- _RECORDS SHOWN_:

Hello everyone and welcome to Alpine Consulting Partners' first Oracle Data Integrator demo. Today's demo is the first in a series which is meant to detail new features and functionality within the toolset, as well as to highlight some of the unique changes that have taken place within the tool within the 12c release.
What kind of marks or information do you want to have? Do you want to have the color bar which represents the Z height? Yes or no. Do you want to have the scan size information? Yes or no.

--

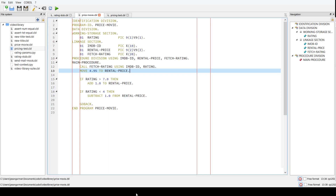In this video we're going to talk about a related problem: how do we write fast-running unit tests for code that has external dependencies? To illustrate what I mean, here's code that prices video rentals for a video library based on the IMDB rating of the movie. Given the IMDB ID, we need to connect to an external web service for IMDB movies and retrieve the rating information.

- _EXERCISE BRIEF_: The response must give every line from the material above that holds the string "which".

- _RESPONSE TO THE EXERCISE_:
Hello everyone and welcome to Alpine Consulting Partners' first Oracle Data Integrator demo. Today's demo is the first in a series which is meant to detail new features and functionality within the toolset, as well as to highlight some of the unique changes that have taken place within the tool within the 12c release.
What kind of marks or information do you want to have? Do you want to have the color bar which represents the Z height? Yes or no. Do you want to have the scan size information? Yes or no.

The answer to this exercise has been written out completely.